**WHAT YOU ARE ASKED TO DO:** Repeat the following data exactly, omitting pictures.

**DATA BELOW:**

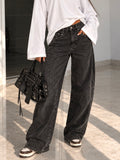Jeans Barrel Black Washed Star Pockets - R.a. Boutique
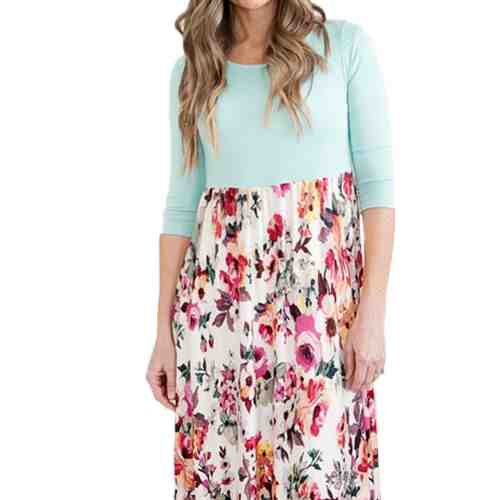 Q613-1212 Rochie casual, cu imprimeu floral si maneci trei sferturi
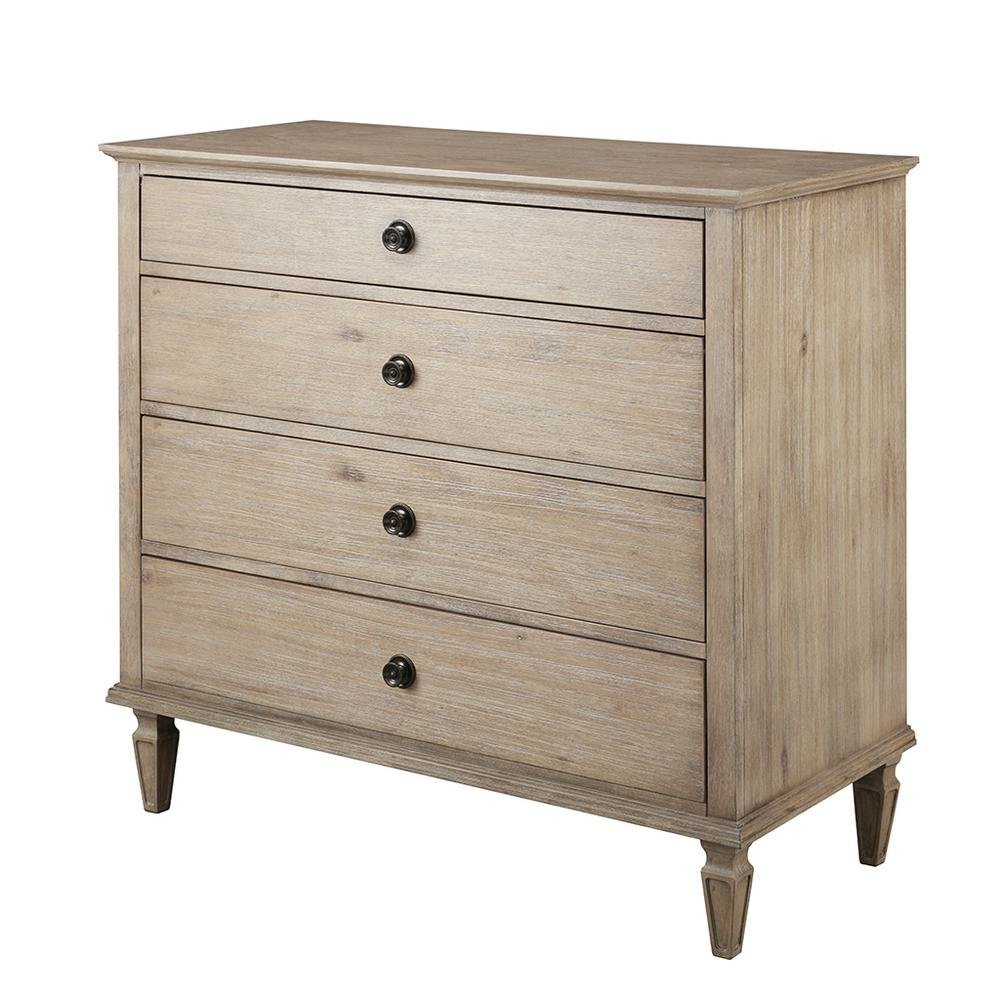 Brown Bedroom Dresser with Storage Drawers, Acacia Veneer and Rubberwood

**FINAL ANSWER:**
Jeans Barrel Black Washed Star Pockets - R.a. Boutique
 Q613-1212 Rochie casual, cu imprimeu floral si maneci trei sferturi
 Brown Bedroom Dresser with Storage Drawers, Acacia Veneer and Rubberwood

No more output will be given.